Phase 0B - durable audit and policy floor. The next build slice after ratification is durable audit:
  • Alembic migration and model for append-only Vault audit events.
  • Service audit sink that writes an attempt/reservation before any provider read.
  • Success, denied, and failure finalization before any raw value returns.
  • Fail-closed prism_vault_audit_unavailable behavior when audit cannot be written.
  • Provider-neutral tests for success, denied, missing, and audit-unavailable paths.
Raw secret values remain out of Prism SQL. Audit stores hashes and metadata only. Phase 0C - agent verb parity. After Phase 0B, add thin MCP verb shims that round-trip to the HTTP source contract:
  • prism_vault_secret_get_metadata
  • prism_vault_secret_resolve
  • prism_vault_config_get
Phase 0C includes an MCP smoke proving the verbs call /vault; no shim-only stub is acceptable. Phase 1 - LAN-first real provider. Because server1 already has a Vault container, the first real provider is LAN Vault KV v2:
  • non-root app token,
  • scoped Vault policy,
  • readiness/policy probe,
  • provider selection that keeps caller APIs provider-neutral,
  • same contract tests against the LAN provider.
Local parity follows as Phase 2. Render remains deferred unless Frank explicitly reorders. Carla coverage. Carla remains the eventual viewer/review coordinator but is offline and not an active blocker.

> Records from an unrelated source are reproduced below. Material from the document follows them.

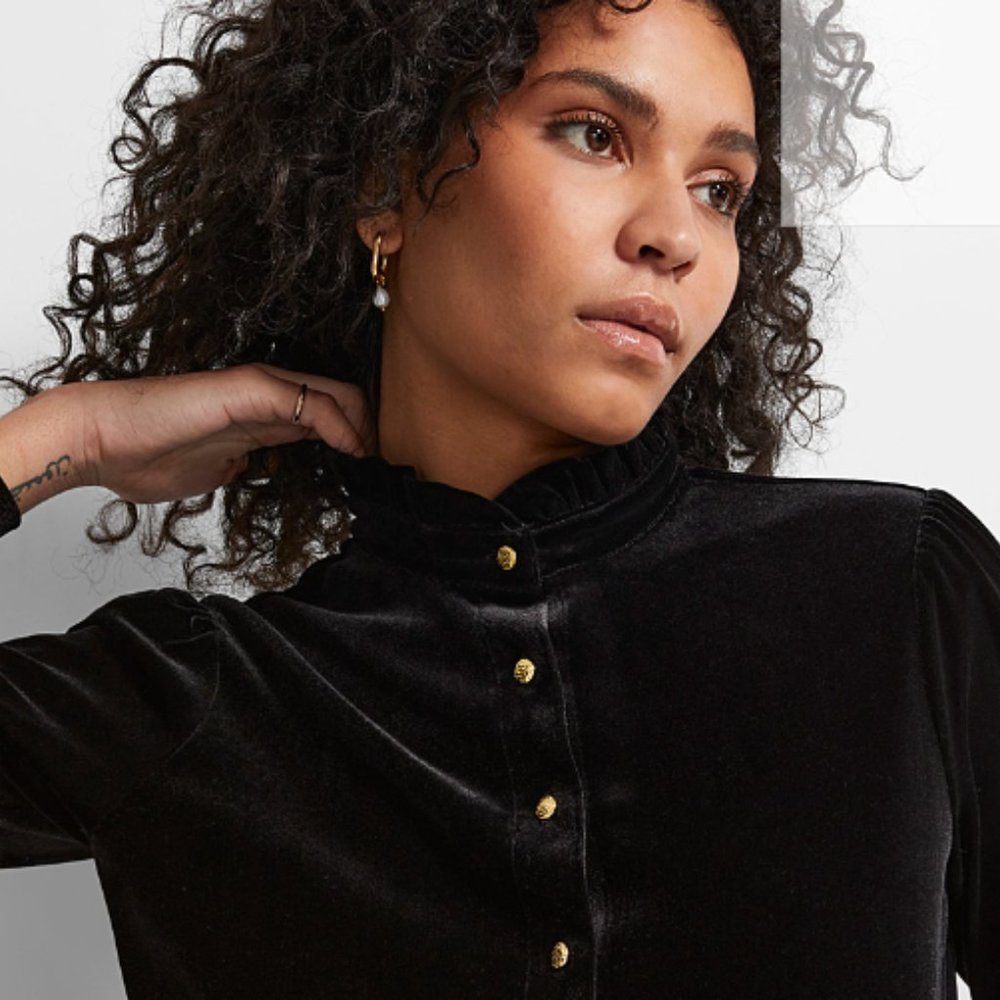 Simon's black velvet button down shirt size Small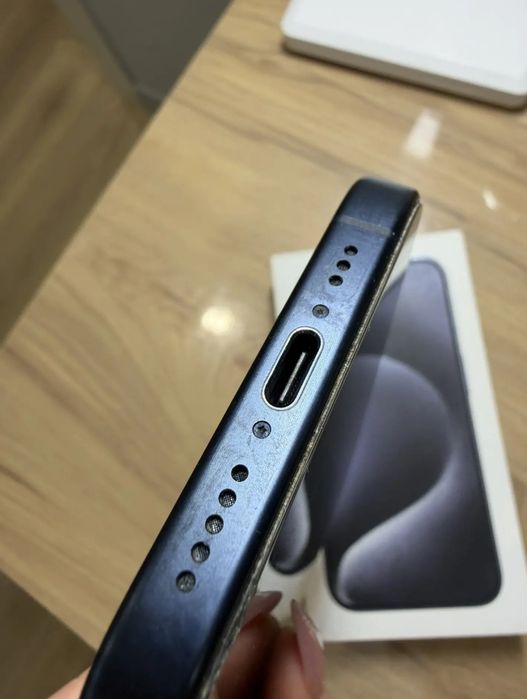 Айфон 15 про 256гб. Синий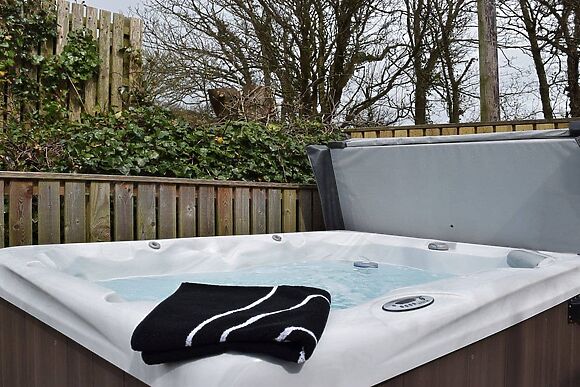 Wrth-y-Nant at Tanylan Farm Cottages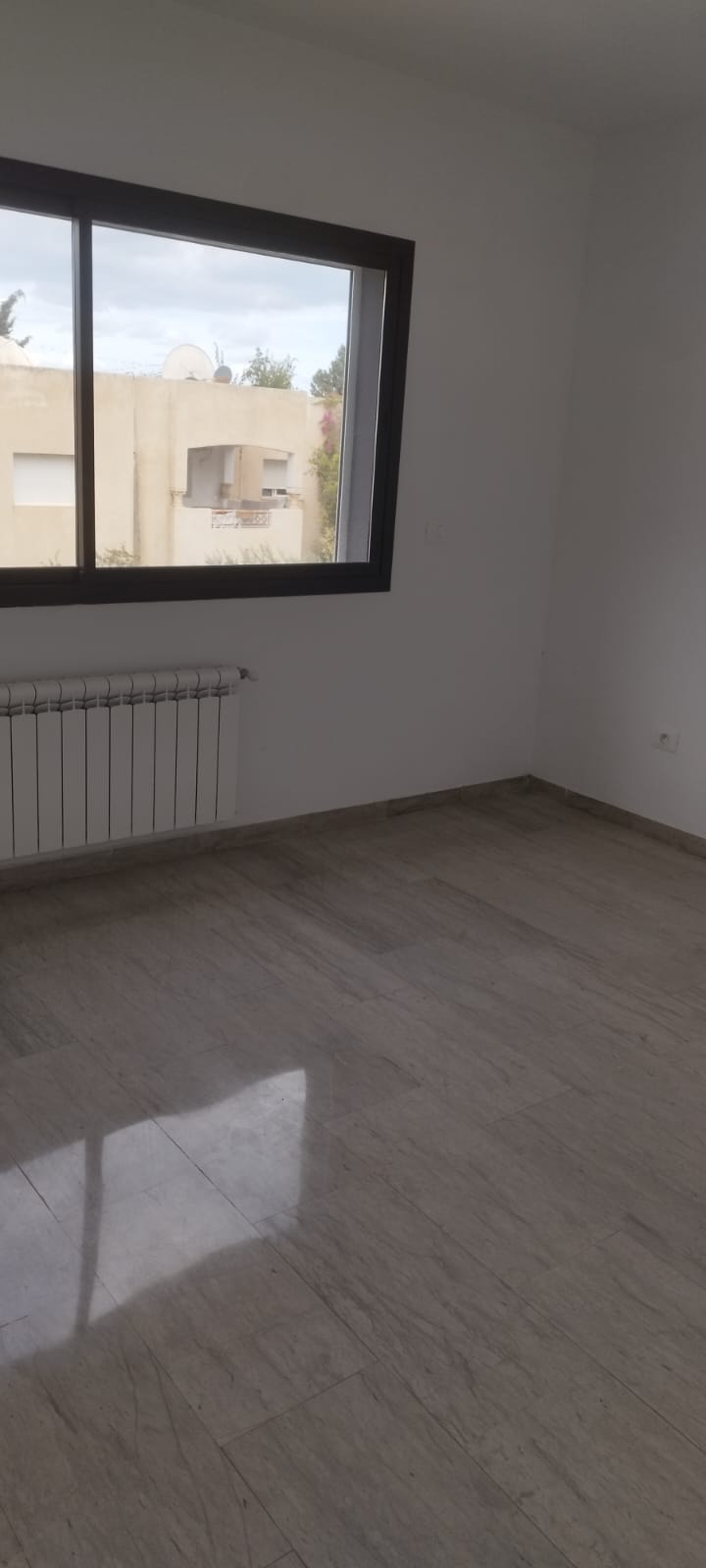 La Marsa El Aouina Location Appart. 3 pices Deux app s2 et s3 usage bureautique  laouina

Ratification and implementation coordination route through Frank, Donna, Texi, Candi, Samantha, Lafonda, and Desiree per Plan #28.

Diagrams

  • Architecture: docs/diagrams/prism-vault/shared-service-architecture.mmd
  • Runtime resolution: docs/diagrams/prism-vault/secret-resolution-sequence.mmd
  • Deployment modes: docs/diagrams/prism-vault/deployment-modes.mmd
  • Scope data model: docs/diagrams/prism-vault/scope-data-model.mmd

Problem

Prism needs a first-class service for secrets and runtime config before extending the pattern to Janus/DPA-Crawl or other projects. Current deployment modes have different ways to pass credentials and config:
  1. Local mode often uses .env and dev-service defaults.
  2. LAN mode needs durable, non-root secret handling with private-network access.
  3. Render production uses platform env/secret bindings and may need an external provider for per-project runtime secrets.
  4. Agents need scoped runtime values without broad secret-store credentials.
  5. Operators need masked metadata, audit evidence, and repairable config state.
The Datris implementation proves the developer ergonomics, but its app-local Vault shape is not the final Prism service boundary. Prism-Vault makes that boundary explicit.

Goals

  • Deliver Prism-scoped secret/config management first.
  • Support Prism agents and backend services as first-class runtime consumers.
  • Support local, LAN, and Render deployments behind one Prism-Vault contract.
  • Keep the provider-adapter design so Vault, Render, or a future managed provider can back the same API.
  • Enforce tenant/project/environment/service scope in the backend.
  • Return masked metadata on admin/read paths and reserve raw secret values for runtime resolution only.
  • Capture audit rows sufficient to answer who resolved what, for which Prism project, purpose, and run/job/session.
  • Establish subproject-first Prism-Vault version/build/deploy boundaries from day one, even while it lives under the Prism umbrella.
  • Defer Janus/DPA-Crawl/WebCrawl integration until the Prism path is stable.

Non-Goals

  • Making DPA-Crawl/WebCrawl the first consumer.
  • Replacing Prism’s existing human auth system. Prism-Vault consumes authoritative caller identity; it does not become the IdP.
  • Cross-tenant secret sharing in v0.1.
  • Direct per-agent or per-worker Vault tokens in v0.1. Runtime consumers receive resolved env payloads, not provider credentials.
  • Building a full human-facing admin console in this spec. Console screens can consume the API but are separate implementation work.
  • Provider-specific rotation automation for every possible secret kind. v0.1 defines monthly and manual-on-demand rotation policy plus hooks/audit; individual automated rotators land incrementally.

Architecture Decision

Prism-Vault is a broker with three internal surfaces:
  1. Secret Store Surface - CRUD and metadata for secret records.
  2. Config Store Surface - versioned non-secret Prism runtime config.
  3. Credential Resolver Surface - runtime-only resolution for Prism agents, backend services, and later worker integrations.
All three surfaces pass through the same identity, scope, policy, and audit gate. The provider adapter is behind that gate. Callers do not talk directly to Vault, Render environment variables, or any future provider.

Subproject Boundary

Prism-Vault starts as a Prism-accessible separable subproject inside the Prism umbrella. Do not require a separate GitHub repository in v0.1. The subproject must still behave like an independent service:
  • Own separable subproject path, with repo-separation-ready boundaries.
  • Own version string and changelog.
  • Own build artifact or image.
  • Own deploy config for local, LAN, and Render.
  • Own contract tests.
  • No hard dependency on Prism monolith internals for provider adapters.
  • Prism integration goes through the Prism-Vault API, not direct table/provider access.
This keeps future extraction boring: move the subproject into a separate repo or deploy unit later, preserve the API.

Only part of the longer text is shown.